• _To do_
Output, exactly as written, the lines of the data below from the one containing "Colorful owl tealight" to the end.

• _Dataset excerpts_
= Beginning of Section =

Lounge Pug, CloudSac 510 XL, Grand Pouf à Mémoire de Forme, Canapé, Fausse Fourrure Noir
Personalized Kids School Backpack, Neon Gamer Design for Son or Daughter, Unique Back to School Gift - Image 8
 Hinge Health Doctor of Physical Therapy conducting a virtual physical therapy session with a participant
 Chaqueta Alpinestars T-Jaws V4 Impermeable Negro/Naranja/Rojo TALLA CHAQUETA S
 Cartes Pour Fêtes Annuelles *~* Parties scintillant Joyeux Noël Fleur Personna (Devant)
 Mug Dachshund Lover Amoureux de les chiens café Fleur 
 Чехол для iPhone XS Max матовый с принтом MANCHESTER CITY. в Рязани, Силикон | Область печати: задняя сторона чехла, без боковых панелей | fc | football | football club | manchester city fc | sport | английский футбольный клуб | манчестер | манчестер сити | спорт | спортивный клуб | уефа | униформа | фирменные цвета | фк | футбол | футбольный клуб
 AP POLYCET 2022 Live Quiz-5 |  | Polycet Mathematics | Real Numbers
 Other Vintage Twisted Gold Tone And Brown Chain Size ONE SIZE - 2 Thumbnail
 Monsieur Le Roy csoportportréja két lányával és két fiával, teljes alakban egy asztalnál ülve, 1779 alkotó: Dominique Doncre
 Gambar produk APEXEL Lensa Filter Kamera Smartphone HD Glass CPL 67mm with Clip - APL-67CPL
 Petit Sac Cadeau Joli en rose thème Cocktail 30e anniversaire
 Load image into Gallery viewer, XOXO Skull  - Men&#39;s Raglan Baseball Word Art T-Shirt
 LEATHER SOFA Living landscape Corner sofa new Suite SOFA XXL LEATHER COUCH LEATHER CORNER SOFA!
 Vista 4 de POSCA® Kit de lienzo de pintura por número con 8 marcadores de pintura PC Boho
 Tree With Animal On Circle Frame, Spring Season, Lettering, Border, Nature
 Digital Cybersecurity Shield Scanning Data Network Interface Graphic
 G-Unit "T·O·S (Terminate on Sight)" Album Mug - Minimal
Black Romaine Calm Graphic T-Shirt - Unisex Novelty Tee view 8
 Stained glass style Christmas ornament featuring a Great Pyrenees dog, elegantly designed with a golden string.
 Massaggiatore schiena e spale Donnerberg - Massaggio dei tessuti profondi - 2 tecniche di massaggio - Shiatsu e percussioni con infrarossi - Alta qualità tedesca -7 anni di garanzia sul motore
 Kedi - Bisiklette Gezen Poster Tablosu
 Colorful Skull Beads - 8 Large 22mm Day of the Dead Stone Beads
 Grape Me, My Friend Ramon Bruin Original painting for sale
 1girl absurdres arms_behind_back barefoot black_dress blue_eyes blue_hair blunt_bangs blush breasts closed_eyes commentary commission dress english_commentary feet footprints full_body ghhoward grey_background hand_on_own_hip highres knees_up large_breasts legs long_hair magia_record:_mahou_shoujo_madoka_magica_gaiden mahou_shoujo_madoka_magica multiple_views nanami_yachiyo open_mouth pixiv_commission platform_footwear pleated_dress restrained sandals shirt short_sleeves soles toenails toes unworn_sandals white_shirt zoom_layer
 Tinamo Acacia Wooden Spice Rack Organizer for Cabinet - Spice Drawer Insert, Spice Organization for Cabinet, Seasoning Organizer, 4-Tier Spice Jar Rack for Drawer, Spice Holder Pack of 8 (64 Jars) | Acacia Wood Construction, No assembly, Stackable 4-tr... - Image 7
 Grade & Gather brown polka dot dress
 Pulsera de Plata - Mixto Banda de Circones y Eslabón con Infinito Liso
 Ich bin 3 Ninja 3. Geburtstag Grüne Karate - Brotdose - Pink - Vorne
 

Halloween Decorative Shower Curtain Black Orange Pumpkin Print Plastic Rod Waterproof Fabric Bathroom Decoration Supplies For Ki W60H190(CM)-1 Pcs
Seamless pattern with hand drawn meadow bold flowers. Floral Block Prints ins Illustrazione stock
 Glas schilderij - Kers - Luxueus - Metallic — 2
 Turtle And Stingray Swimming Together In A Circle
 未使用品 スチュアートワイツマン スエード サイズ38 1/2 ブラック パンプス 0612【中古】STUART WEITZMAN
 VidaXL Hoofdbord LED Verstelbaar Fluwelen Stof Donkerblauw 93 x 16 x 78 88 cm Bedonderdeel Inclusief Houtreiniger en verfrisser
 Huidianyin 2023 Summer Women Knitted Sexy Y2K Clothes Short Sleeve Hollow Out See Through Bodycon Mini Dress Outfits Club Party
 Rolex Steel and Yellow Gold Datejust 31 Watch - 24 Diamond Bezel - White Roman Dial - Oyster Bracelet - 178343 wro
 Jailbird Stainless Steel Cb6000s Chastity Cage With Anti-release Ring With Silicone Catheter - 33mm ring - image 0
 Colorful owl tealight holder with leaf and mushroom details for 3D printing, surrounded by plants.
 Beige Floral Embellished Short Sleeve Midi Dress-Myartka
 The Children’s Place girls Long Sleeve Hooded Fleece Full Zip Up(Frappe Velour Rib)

= End of Section =

• _Written answer_
 Colorful owl tealight holder with leaf and mushroom details for 3D printing, surrounded by plants.
 Beige Floral Embellished Short Sleeve Midi Dress-Myartka
 The Children’s Place girls Long Sleeve Hooded Fleece Full Zip Up(Frappe Velour Rib)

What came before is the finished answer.